In a September 8 editorial objecting to “Can’t Jail the Spirit,” the Portland Press Herald
laid out what the paper’s top executives appear to think should be a standard for allowing the inclusion of controversial artists in academic discourse. The editorial ended with the statement: “It’s almost irrelevant to ask whether Manning’s work meets objective standards of artistic merit. When the hand that wields the brush is covered in blood, it indelibly stains whatever it touches.”

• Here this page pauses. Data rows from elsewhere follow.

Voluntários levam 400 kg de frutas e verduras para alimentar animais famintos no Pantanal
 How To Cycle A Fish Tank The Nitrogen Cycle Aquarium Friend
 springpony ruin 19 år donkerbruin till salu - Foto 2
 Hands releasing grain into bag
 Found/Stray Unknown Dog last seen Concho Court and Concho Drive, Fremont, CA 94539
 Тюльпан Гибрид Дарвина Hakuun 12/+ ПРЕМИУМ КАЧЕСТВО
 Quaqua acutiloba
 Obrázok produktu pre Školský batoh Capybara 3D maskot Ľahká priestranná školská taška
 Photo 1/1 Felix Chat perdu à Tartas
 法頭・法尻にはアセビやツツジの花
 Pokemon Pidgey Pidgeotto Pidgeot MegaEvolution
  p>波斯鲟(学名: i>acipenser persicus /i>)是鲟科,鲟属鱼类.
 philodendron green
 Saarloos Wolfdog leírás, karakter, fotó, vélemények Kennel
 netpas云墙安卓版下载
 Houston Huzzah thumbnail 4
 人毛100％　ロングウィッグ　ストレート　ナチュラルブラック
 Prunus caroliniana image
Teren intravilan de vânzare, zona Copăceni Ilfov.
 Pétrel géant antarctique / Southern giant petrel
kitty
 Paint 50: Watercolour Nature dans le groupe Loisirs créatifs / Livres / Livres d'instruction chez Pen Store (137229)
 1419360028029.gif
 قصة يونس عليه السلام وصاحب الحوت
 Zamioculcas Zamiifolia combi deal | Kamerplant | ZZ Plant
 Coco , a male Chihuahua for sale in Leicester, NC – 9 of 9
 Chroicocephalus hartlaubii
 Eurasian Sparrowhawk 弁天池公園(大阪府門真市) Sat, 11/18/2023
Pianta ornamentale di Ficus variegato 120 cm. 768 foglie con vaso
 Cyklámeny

Such a sweeping policy would seem to preclude some important artists. Here are just a few:
The psychological realism of his work, and his ability to paint dramatic moments, made CARAVAGGIO (1571-1610) one of the first great practitioners of the Baroque school. A resolute drunk and brawler, in 1606 he killed a young man named Ranuccio Tomassoni in a sword fight after a tennis match. Caravaggio produced some of the most important pieces of his short career after murdering Tomassoni, often depicting religious scenes in paintings like Entombment, Death of the Virgin, and Conversion of Saint Paul.
Triumph of the Will
Auteur LENI RIEFENSTAHL
(1902-2003) wore a Waffen SS uniform when she entered Poland with the invading German Army in 1939, and was present at the September 12, 1939, deaths of 30 civilians who were executed in the town of Kolskie in retaliation for attacks on German soldiers. Riefenstahl complained about the atrocity in a subsequent audience with Hitler, but recovered her élan in time to film her patron’s victory parade in Warsaw, on October 6 that year. To reduce chances of assassination, the Germans took more than 400 hostages; among them were several high-profile professors of Warsaw University. Riefenstahl’s documentary about the 1934 Nazi Party Congress in Nuremberg, Triumph of the Will
, is widely considered a masterpiece of propaganda.
Not only was EZRA POUND
(1885-1972) a pillar of modern poetry who probably did more than any other to define the poetic school of Imagism, he also somehow found the time to moonlight as an anti-Semitic propagandist for Mussolini’s Fascist Italy, denouncing the Allies in newspapers and on the radio. After Pound turned himself over to American forces in May 1945, he was held at a prison camp outside Pisa, Italy. The verse he fashioned there became The Pisan Cantos
, which in 1948 was awarded the inaugural Bollingen Prize by the Library of Congress, even as Pound was confined to a Washington, DC, insane asylum, and generally despised by the American public.
Caravaggio’s aside, the careers of Pound and Riefenstahl were forever tinged by their political associations. While those controversies continue today, their art still lives.